The end result is that we have a pretty sequential process for actually doing concurrent writes, which turn it into a simple producers/consumer problem from threading perspective, and the actual writes into a simple write things out as fast as you can process them.
This also gives us the chance to do some re-ordering of operations to get better performance overall.
Comments
A single dedicated writer is always, simpler, cleaner solution. In .NET world, EventStore shows the way to go.
Looks like you got rid of the mutex because you don't need to synchronize concurrent access to actual data writing code. This could save you some thread context switching for multiple concurrent writers, but will slow you down when you have only a single writer thread. The leveldb implementation using cond variables and a mutex is quite elegant. Maybe you could keep it but improve, maybe by using lockless synchronization primitives? I'm also curious how you implemented thread synchronization for putting items into write queue and retrieving them by the writer thread. Obviously you couldn't lock the queue for the whole retrieval operation, because this wouldn't be an improvement over leveldb. Is this why you've been talking about immutable lists recently?
Rafal, I am not sure that I am following you. We do need to sync data writing code. We just moved it to a separate thread, so it can't compete with itself. We don't do context switching here, we are simply adding to the queue and waiting on the background thread to complete. There cannot be multiple writers threads, we don't support it. The queue is just a standard ConcurrentQueue.
Rafal, The leveldb approach locks very elegant, but it means that you have a big convoy here. With my approach, you have each thread only waiting for their own writes, not waiting for other writes.
I also liked the LevelDB idea, but not the mutex locks, so quite a while ago I experimented with a few designs that attempt to minimize contention and be mostly lockess. It may be that this is what Rafal is hinting at.
I added the (somewhat ugly) result of one of those proof of concept experiments in a gist (https://gist.github.com/anonymous/8099257). If I remember well, it performed quite reasonable. It is based on some ideas from Joe Duffy's reader writer spinlock that I was reading about at the time.
Maybe i went too far with speculation. The main point is that it doesn't matter which thread handles write operations as long as it has to be single threaded - you need to suspend all other threads while writing is done. So alex is right, this is what i was thinking about. Maybe some clever wait implementation would reduce lock contention without requiring a dedicated writer thread, and without paying context switch penalty when there's only one transaction to be written. ConcurrentQueue is already lock free, what's left is a lock-free decision if a current thread should do the writing or should wait until someone else does it.

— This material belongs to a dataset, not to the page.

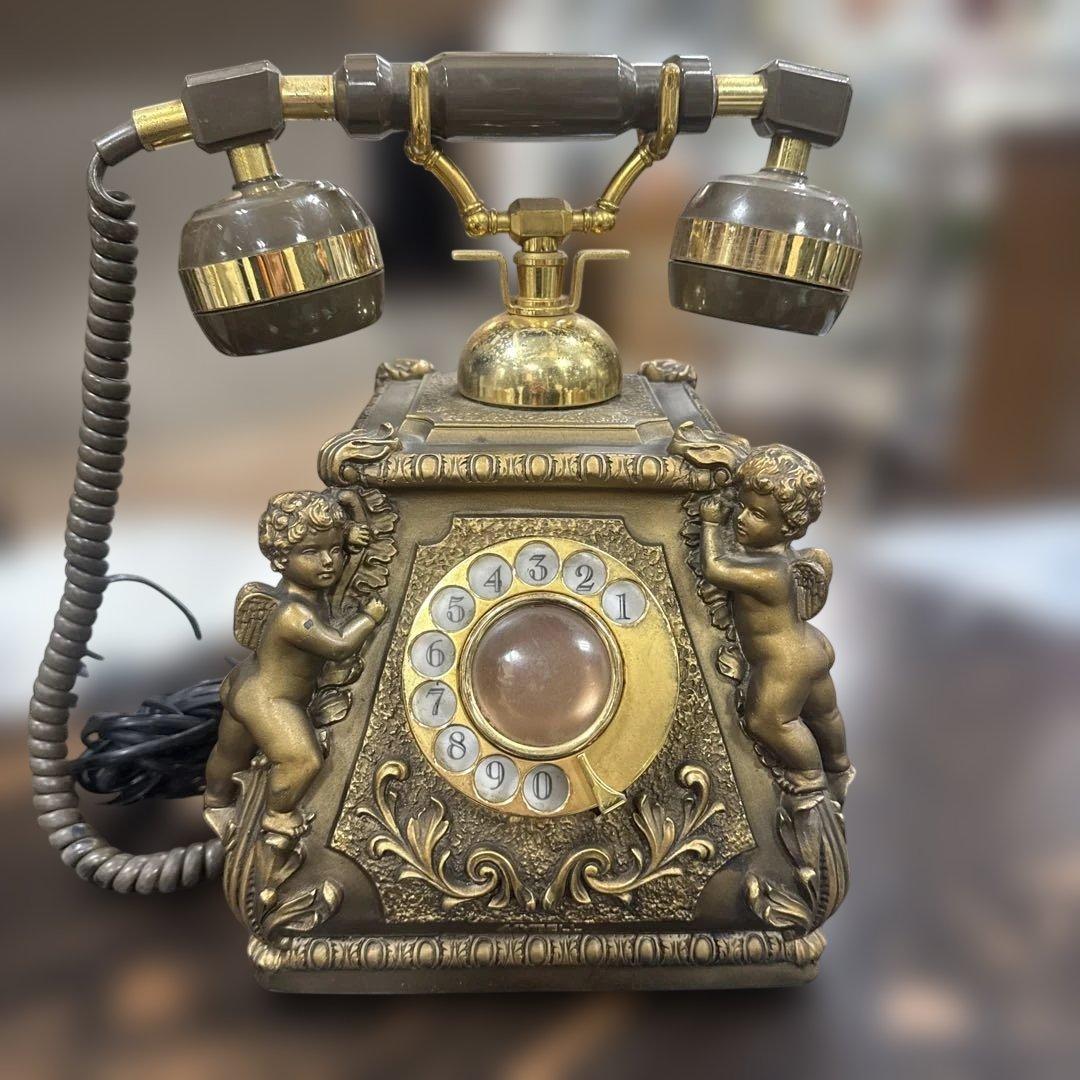アンティーク電話 ブロンズ 天使彫刻付き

ps Alex, I had too much beer today to be able to understand your code clearly, but i think it has same lock contention problem as the leveldb implementation - it's the same Monitor pattern. I wonder if lock free implementation is possible...
Rafal, I am not sure if it is due to too much beer ... I agree the code of this PoC is a bit of a kludge .
It is not the same monitor pattern as LevelDB's though, because each writer thread has its own condition variable (i.e. not one that is shared between threads) that it enqueues and blocks on if it fails to acquire write responsibility. The thread that did acquire write responsibility will wake each of these blocked threads when it has performed the write for them and set the result.
Ok, let's try, my quick and dirty attempt at illustrating what I was talking about. This code is not meant to be compiled or executed ;) https://gist.github.com/lafar6502/8105682
@Rafal, that quick and dirty attempt is quite similar in approach to my PoC kludge. Concurrent queue instead of "thread id indexed" non-sharing array, but same purpose. And a single event instead of multiple thread specific condition variables. But similar in idea anyway.
You do need to be running the "DoSynchronized" in a loop though, because the thread with writer responsibility may be at line 24, at the time when a thread that failed to acquire write responsibility is at line 18, and would therefore block at line 39 until a next thread calls "DoSynchronized".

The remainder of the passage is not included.